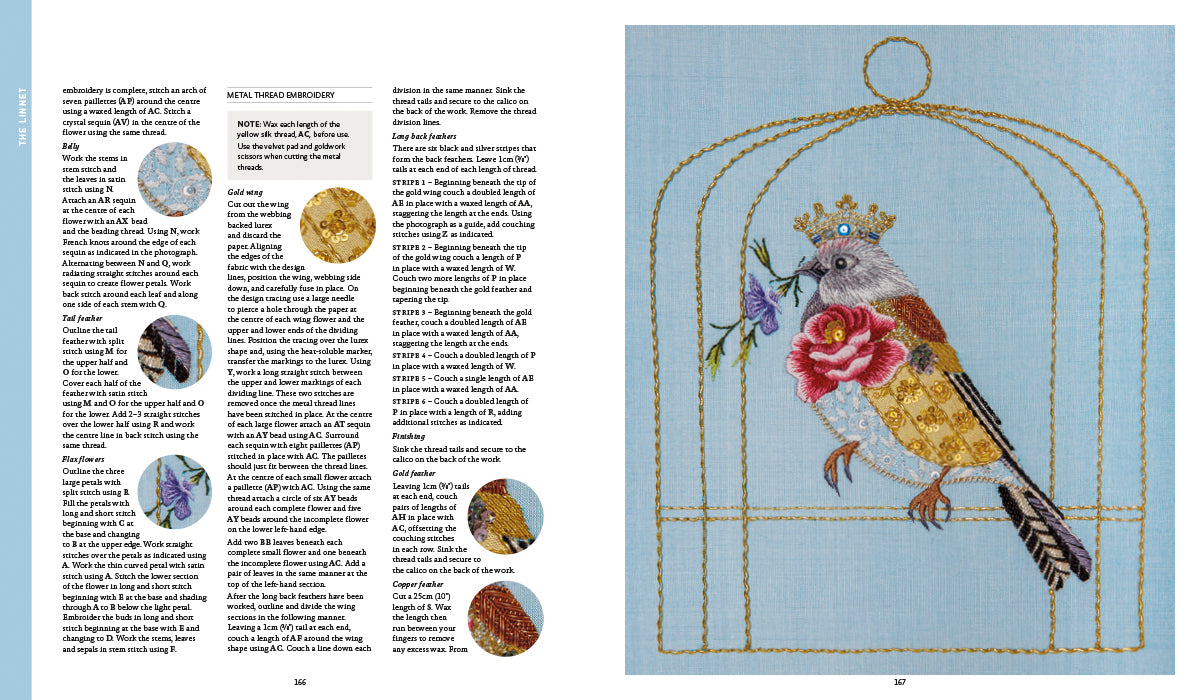 INSPIRATIONS A Passion for Needlework 2 | Factoria VII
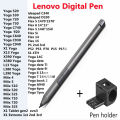 Original Lenovo Digital Pen For Lenovo Yoga Duet Lenovo Yoga 6 7 4096 Anti-mistouch Stylus Pen Laptop ThinkBook Plus ปากกาอิเล็กทรอนิกส์. 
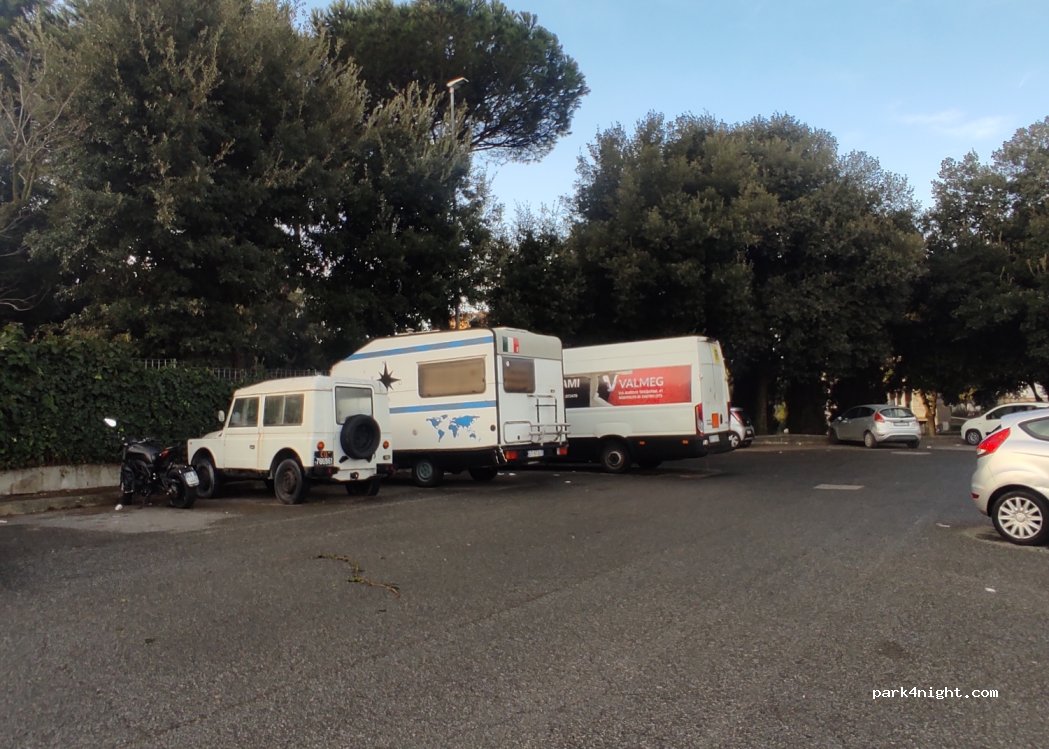 (00188) Roma - Via Fiesse — foto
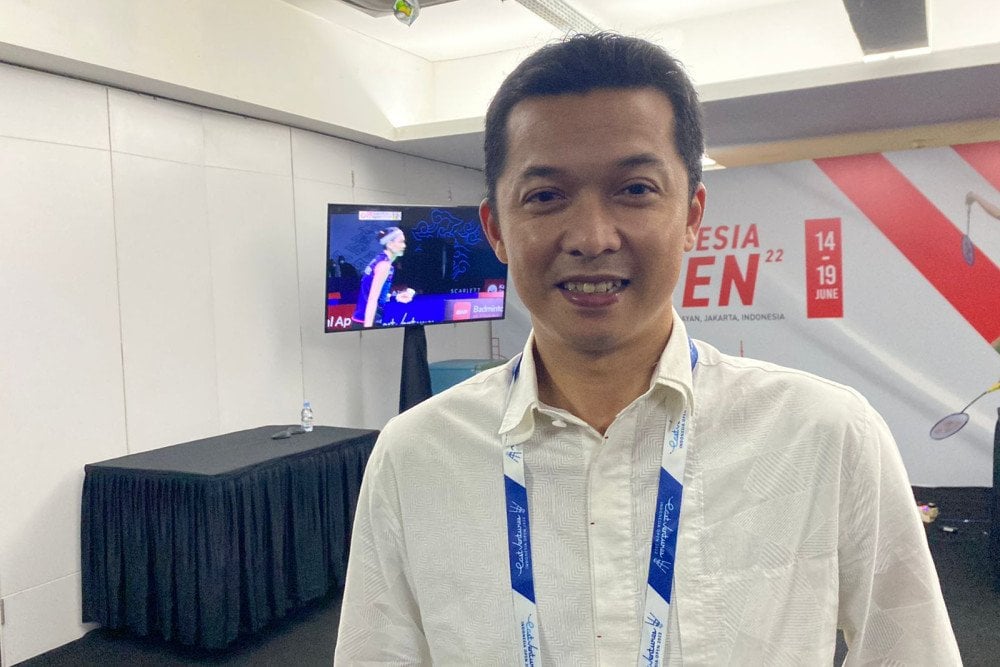  Hasil Real Count Pileg DPR 2024: Ini Perolehan Suara Taufik Hidayat, Icuk, Harijanto Arbi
◇ ◇ ◇
The required output consists only of the lines from the one containing "(00188) Roma - Via Fiesse — foto" to the last line of the material, reproduced exactly, pictures excluded.

 (00188) Roma - Via Fiesse — foto
  Hasil Real Count Pileg DPR 2024: Ini Perolehan Suara Taufik Hidayat, Icuk, Harijanto Arbi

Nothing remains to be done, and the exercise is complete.